The road kept getting a little busier and the shoulder was intermittent. Buses would zoom in and pull over to the shoulder. I’d wait and then follow them back out again. It kept getting a little more challenging and at 48 kilometers just after a toll booth, I decided to bail and take local roads instead.
I was still little ways from the middle of Lima. My timing wasn’t perfect as I got off just before this waterway. Hence, I had to cycle another 2.5 kilometers before reaching a bridge I could cross back over the waterway.
These roads were still quiet and had nice cycling until around the 60-kilometer mark.
The next ten kilometers to the center of Lima were a mess. Several of the intersections were completely stopped up. One hour and I cycled barely five kilometers.
The middle of this road had a high-speed bus lane. There were sometimes frontage roads. There were sections with construction. I got slightly lost a few times. There was never enough speed to be dangerous, but it also wasn’t pleasant to keep sitting in the stop-and-go-traffic.
Eventually, I got myself into the center of the city with tree-lined boulevards.
I took a slightly wrong turn and visited a plaza and saw a statue that wasn’t on my list. However, using my offline mapping application, I was able to slowly get myself past center of the city and headed to Miraflores neighborhood.
This section was nice, even had areas with bike paths in the middle of the boulevards. The still crossed all the other roads and were bumpy concrete, so not ideal but certainly better than the traffic jams from before.
Not sure where Lince was, but I crossed it.
I had randomly picked a target hostal, but couldn’t find it once I got close.

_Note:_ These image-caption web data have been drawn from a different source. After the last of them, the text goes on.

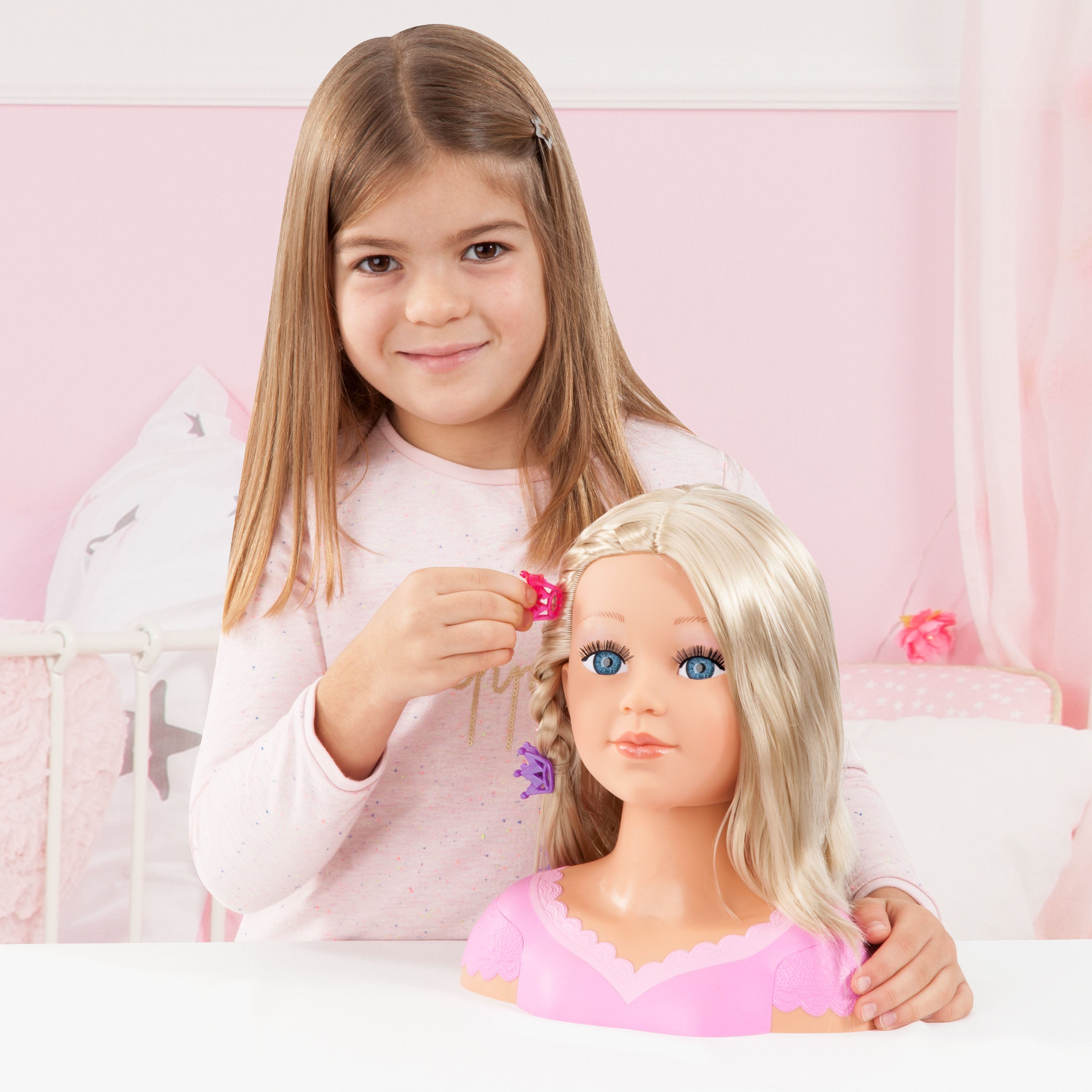 Bayer Charlene Super Model Styling Head w/Hair Bunches.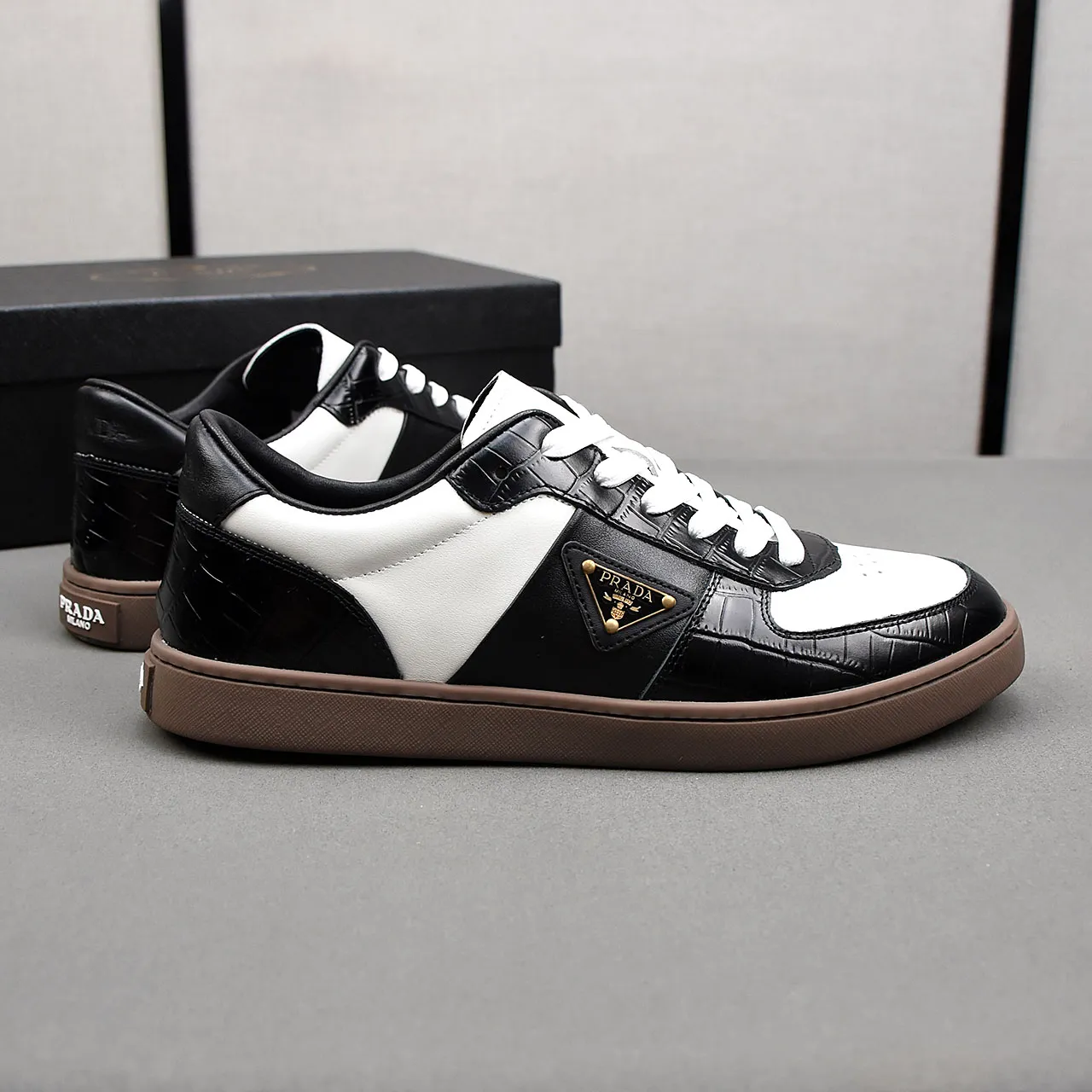 PP400👟👟👟Prada set off the audience! Prada, an international brand that is constantly innovating, this men's casual shoe, the original version, made of cowhide leather at a ratio of one to one at the store, with leather feet and rubber non-slip outsole, breathable and comfortable, quality speaks for itself👄38-44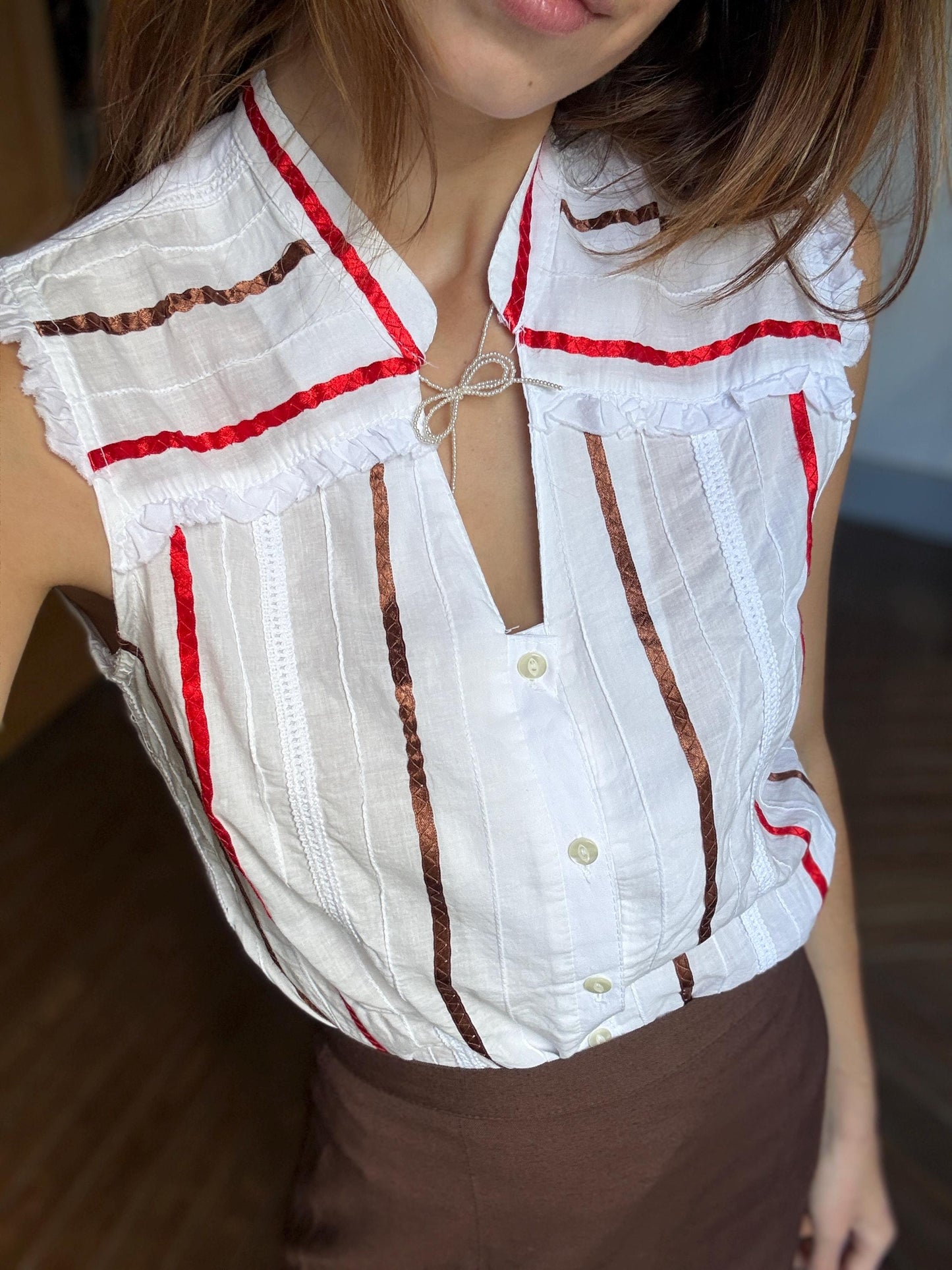 Vintage Sleeveless Woman Blouse – Festive Cotton Top by Santi RQ – Unique Striped Design – Size S-M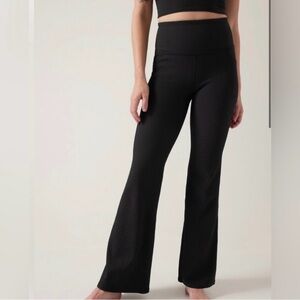 Like New!! Athleta Salutation Stash Rib Flare Pant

Next hostal I tried was full, but not much further I found what looked like a reasonable hotel. It turns out their prices were quoted in dollars instead of sol, but still an OK place to say.
I’ve booked for two nights and expect to take either one or two rest days here. There is a reasonable bike shop here and will see if I can get my worn chain and cassette replaced. If not at this bike shop, there is a second one on my recommend list not too far away. Once I get bike taken care of and some laundry done, then also time to see if any interesting tourist attractions are nearby and otherwise start to look over journals to figure out routes from here up to Cuzco and south from there.
Right now, just nice to make it into middle of this large city.